This utility module queries the Islandora Solr index for a specific PID to confirm that the object the PID identifies has been indexed in Solr. Only works with default auto-increment PIDS, not UUID PIDs. The module was developed as part of the QA processes for a large migration where FedoraGsearch was found to fail to index some objects on during batch ingest.
When an object is ingested, this module queries Solr to see if an existing object's PID is retrieved. If it isn't, the result of the query is logged. If Solr responds with a non-200 HTTP response code, the code and the PID are logged, as illustrated below:
[timestamp] Not indexed PID
[timestamp] Error HTTP response code (PID)
There is a config option to also log successful queries, in which case the log entries will look like this:
[timestamp] Indexed PID
The module uses a "PID offset" to determine which PID it queries Solr for. In other words, it doesn't query Solr for the PID of the current object being ingested, it queries Solr using the PID that is a few integers (the value of the offset) lower than the PID of the object being ingested. It does this because the indexing operations for the current object are not yet complete when the module queries Solr. The ingestion of an object is used solely as the trigger to issue a query that confirms that an already existing object (whose PID is equal to the PID of the current object minus the PID offset) has been indexed.
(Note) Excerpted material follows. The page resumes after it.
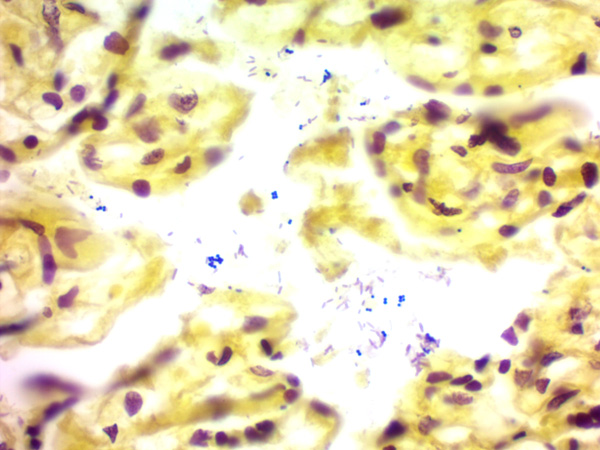 Immunohistochemistry (Formalin/PFA-fixed paraffin-embedded sections) - Gram Stain Kit (Microorganism Stain) (AB150672), expandable thumbnail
In practice, using this offset means that at the end of a batch ingest, a number of objects will not have been queried to confirm that they have been indexed in Solr and must be tested manually. This number of objects will be equal to the PID offset and will have PIDs ranging from the PID of the last object ingested to the PID of the last object ingested minus the offset. However, during consecutive batch ingests using the same namespace, the set of objects that were not tested during the previous batch ingest will be tested during succeeding batch ingest, so manual confirmation that they have been indexed will not be necessary.
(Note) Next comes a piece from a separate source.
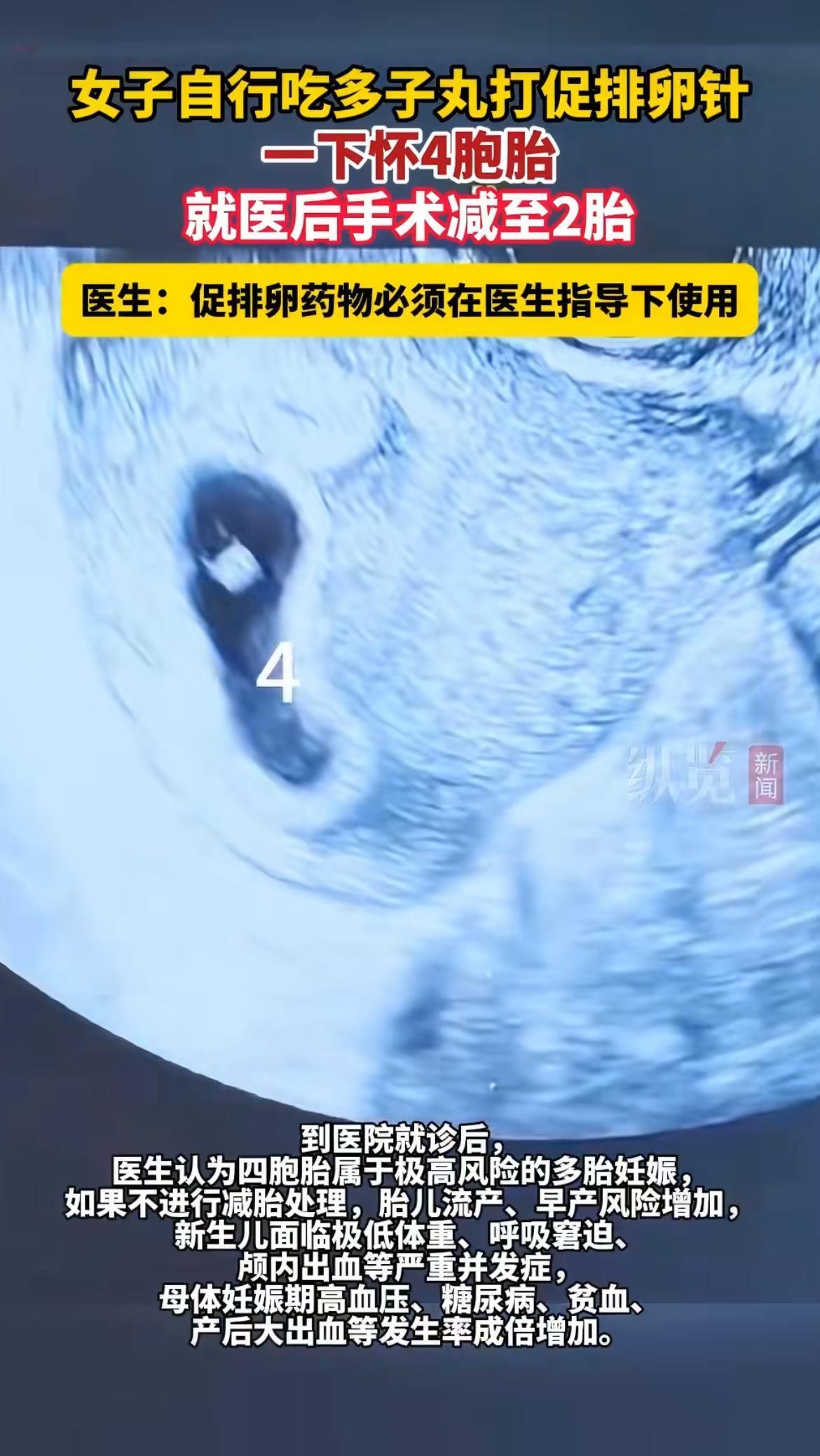 自己吃“多子丸”一下怀了四胞胎，本来以为是天降喜事，结果医生说必须减掉两个，不然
The module also provides a drush script for querying a list of PIDs to determine if they are indexed in Solr. Details on its usage are provided below.
- git clone https://github.com/mjordan/islandora_confirm_indexed
- drush -y en islandora_confirm_indexed
To change the default log file location from [Drupal install directory]/sites/default/files/islandora_confirm_indexed.txt, and to change other default settings, visit admin/islandora/tools/confirm_indexed.
If you get false reports that an object is not indexed during batch ingests, you may want to increase the value of the PID offset, which will give Solr more time to complete the indexing of objects before being queried.
This module is intended to be enabled during large batch ingests to detect whether Fgsearch fails to index objects. It should probably be disabled on production Islandora instances (although it will not cause any harm if it is not).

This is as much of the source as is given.